C = np.cov(eig_fonts_x.T)
eigvals, eigvecs = np.linalg.eigh(C)

**Plotting "Eigen-Fonts"**

* The font plotted below doesn't actually exist, it is actually the 3rd largest eigenvector, completely derived from our own data. As you can see, it looks like a serifed font. 

In [None]:
u = eigvecs[:, -3]
fig_temp, ax_temp = plt.subplots(figsize=(20,20))
temp_font_unraveled = u
temp_font = np.hstack(temp_font_unraveled.reshape(26,20,20))#.shape
plt.imshow(temp_font, cmap="gray")

**Plotting each eigenvector shows a specific "generalization" of fonts.**
* So the takeaway is grouping the fonts by which eigenvector/"eigenfont" best generalizes them the most with.

In [None]:
#print(eigvecs.shape)
#print(unraveled_alphabets.shape)

# each real row is 1 by 10400
# each eigenvector column (eigenfont) is 10400 by 1
# if we can normalize both and get the dotproducts (so that it's -1 to 1)
# then arg max them or employ NNMF (which requires absolute value)
eigvecs_normalized = eigvecs/np.linalg.norm(eigvecs, axis=0, keepdims=True)
unraveled_alphabets_normalized = unraveled_alphabets/np.linalg.norm(unraveled_alphabets, axis=1,keepdims=True)
print(np.linalg.norm(unraveled_alphabets_normalized,axis=1).mean())
print(np.linalg.norm(eigvecs_normalized,axis=0).mean())
eigenfont_pca = unraveled_alphabets_normalized @ eigvecs_normalized 
print(eigenfont_pca.min(), eigenfont_pca.max())

In [None]:
temp_eigenfont_df = pd.DataFrame()
temp_eigenfont_df["font"]= passed_font_families
temp_eigenfont_df["eigenfont"]= 10400-np.argmax((eigenfont_pca),axis=1)
eigenfont_groupby = temp_eigenfont_df.groupby(["eigenfont"],as_index=False).agg({"font": list})
eigenfont_groupby

* The fonts are now grouped together by their best matching "eigenfont" in the table above. 
    * There are several fonts that are supposedly visually distinct enough to be their own group.
    * Other fonts however, have found their own group. 

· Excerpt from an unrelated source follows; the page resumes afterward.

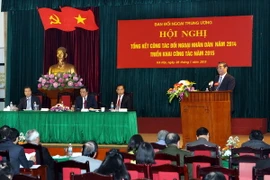 Hội nghị triển khai công tác đối ngoại nhân dân năm 2015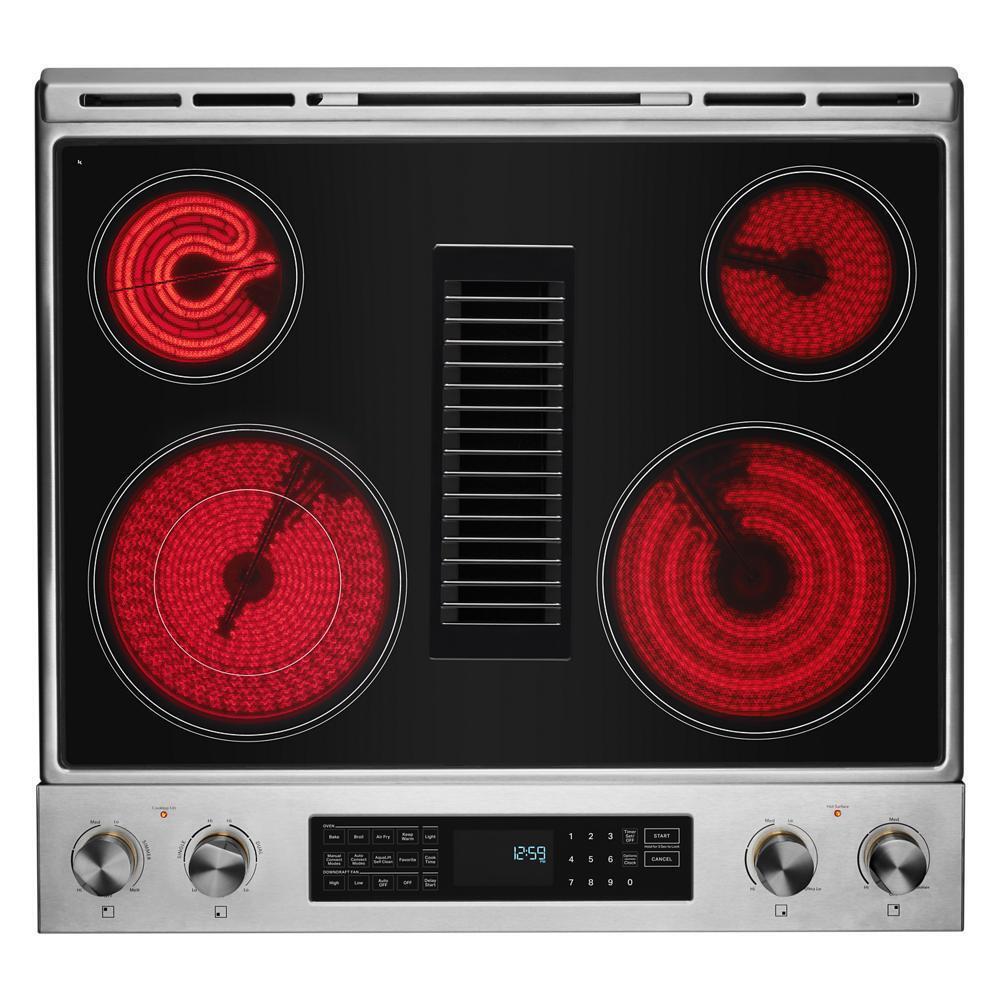 Jennair JES1750ML 30" Electric Downdraft Slide-In Range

For example, let's see what the fonts in Eigenfont 4 (row 2) looks like. When plotted below, it seems like Eigenfont 10396's fonts are a messy handwriting group.

In [None]:
for font in eigenfont_groupby["font"].values[2]: plot_font(font)

Eigenfont 3 are the serif fonts, as shown earlier:

In [None]:
for font in eigenfont_groupby["font"].values[1]: plot_font(font)

While this method is good, it still seems unsatisfactory in properly grouping up the fonts by visual traits.

In [None]:
from sklearn.decomposition import NMF

eigenfont_nmf = (eigenfont_pca+1)/2
model = NMF(n_components=20, init='random', random_state=0)
W = model.fit_transform(eigenfont_nmf.T)
H = model.components_

In [None]:
temp_nnmf_df = pd.DataFrame()
temp_nnmf_df["font"]= passed_font_families
temp_nnmf_df["nnmf"]= np.argmax((H.T),axis=1)
nnmf_groupby = temp_nnmf_df.groupby(["nnmf"],as_index=False).agg({"font": list})
nnmf_groupby

### 2. Spectral Embedding built from a Similarity Matrix (Normalized Gramian Matrix)

In [None]:
eig_fonts_x_normalized = normalize(unraveled_alphabets, axis=1) #
eig_fonts_similarity_matrix = eig_fonts_x_normalized @ eig_fonts_x_normalized.T
W = eig_fonts_similarity_matrix

N_EMBEDDINGS = 2
embedding = sklearn.manifold.spectral_embedding(W, n_components=N_EMBEDDINGS)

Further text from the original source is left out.